Murren apologizes for lack of communication about MGM changes

Nov. 5, 2015 | G. Michael Dobbs

Mayor Domenic Sarno (at lectern) led a press conference following a discussion with MGM Resorts Chair and CEO James Murren. Standing behind Sarno seen here left to right are City Solicitor Edward Pikula, Chief Development Officer Kevin Kennedy, Murren, MGM Springfield President Michael Mathis, MGM Resorts President William Hornbuckle and Chief of Staff Denise Jordan.
Reminder Publications photo by G. Michael Dobbs

SPRINGFIELD – After meeting for an hour with Mayor Domenic Sarno, MGM Resorts International Chairman and CEO James Murren said he was sorry for the lack of communication between the casino company and the city concerning changes to the plans for MGM Springfield.

A press conference followed the meeting on Oct. 29 at City Hall. MGM Resorts President William Hornbuckle and MGM Springfield President Michael Mathis accompanied Murren.

MGM will make a public presentation in Springfield concerning the changes at a meeting on Nov. 16 prior to a meeting of the Massachusetts Gaming Commission.

Murren said there might be additional changes to the project “but they will be minor.”

Murren said the creation of a real estate investment trust called MGM Growth Partners, which was announced on Oct. 29 as well, would not affect the Springfield casino. The company offered a draft registration state to the Securities and Exchange Commission as a first step to offer the sale of stock in the new entity.

The MGM Growth Partners will own some of the MGM properties while MGM Resorts International will own others.  MGM Resorts International will own 70 percent of the stock of the new company. According to one media report, the Springfield casino will be under MGM Resorts International.

The new company will be assuming about $4 billion of MGM Resort’s debt.

Murren said he will be the CEO of the new company and its creation offers flexibility for the company. In a press release he said,

“This transaction provides MGM Resorts’ shareholders numerous strategic and financial benefits, including delivering our balance sheet and enhancing long-term shareholder value,” he explained. “MGM Resorts is creating a new growth platform to allow it to more effectively execute its strategic initiatives, including portfolio diversification."

Murren added at the press conference that MGM Resorts would run the operations of the properties regardless of which entity owns them.

Sarno said the group had a “frank discussion” the covered “all of the issues that have occurred.” Those issues included the announcement the project will be reduced 14 percent in structural size, a development MGM did not tell city officials directly, but was learned through the release of a report to the Commonwealth.

Murren said the lack of communication “was not the company’s style.” He added the company has spent $200 million so far on the casino and intends to spend more than the $800 million that has been announced in the past.

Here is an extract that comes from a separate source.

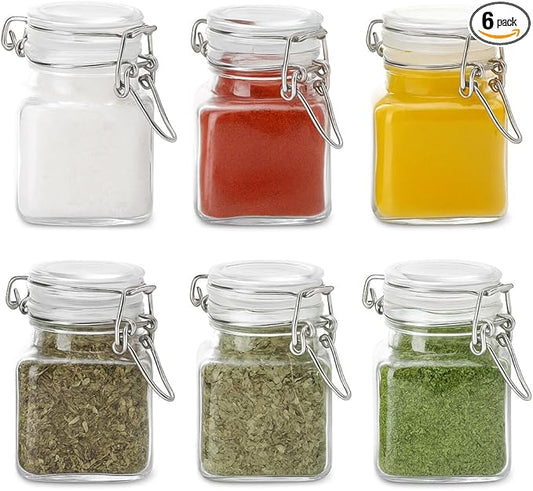 Spice Jars Set of 6, 4 oz Glass Spice Jars with Airtight Lids and Labels, Small Seasoning Jars for Spices, Herbs, Kitchen Spice Organizer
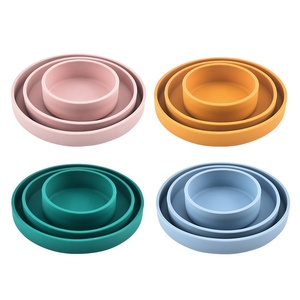Assiette Ronde Classique en Silicone pour Enfants avec Logo Personnalisé OEM, Sans BPA, Qualité Alimentaire, Motif Uni, Durable et Non Toxique pour Usage Domestique - Product Image 1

“I’m sorry that there was confusion,” Murren said. “It was not intentional.”

He then compared the casino project to the Monarch Place building – where the new MGM offices are being constructed – and said the casino was twice the size. It is four times the size as the Basketball Hall of Fame he added. He called the project “more complicated” than either of those developments and added it is a “an epic and groundbreaking effort.”

Murren defend the elimination of the tower hotel and said, “I firmly believe it is an improvement.”

He believes the six-story hotel, which will put people onto Main Street, is a better choice.

“It [the tower] wasn’t going to fully deploy the energy I was looking for,” he added.

Murren promised to come back to Springfield more often and that the Springfield casino “will pack a lot of punch.”